We theoretically investigate non-equilibrium thermal transport phenomena at gas–solid interfaces, where gas molecules interact with a phonon-active wall surface characterized by Bose–Einstein statistics and finite adsorption potential. In such systems, molecules are selectively re-emitted with higher energies in the normal direction, leading to an effectively elevated temperature—an effect we term the "Izumi effect". Furthermore, when geometric constraints induce anisotropic re-emission, orthogonal directions exhibit preferential relaxation to lower-energy components, resulting in effective cooling; we refer to this as angle-selective heat conduction (ASHeC). These coupled effects are analytically described using an energy transfer model, revealing a clear violation of the ergodic hypothesis due to directionally biased state-space sampling induced by surface interactions.

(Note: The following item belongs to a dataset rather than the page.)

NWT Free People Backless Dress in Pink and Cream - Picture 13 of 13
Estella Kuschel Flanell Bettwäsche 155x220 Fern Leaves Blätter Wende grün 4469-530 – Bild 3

Conventional theoretical frameworks fail to predict such heating phenomena, as they often neglect inelastic adsorption–reemission processes and the quantum statistical nature of phonons. This mechanism shares conceptual similarities with the "ghost effect" in rarefied gas dynamics, wherein non-equilibrium boundary conditions can drive macroscopic transport even under isothermal conditions. (see Sone, Molecular Gas Dynamics, Chapter 10, pp. 449–480)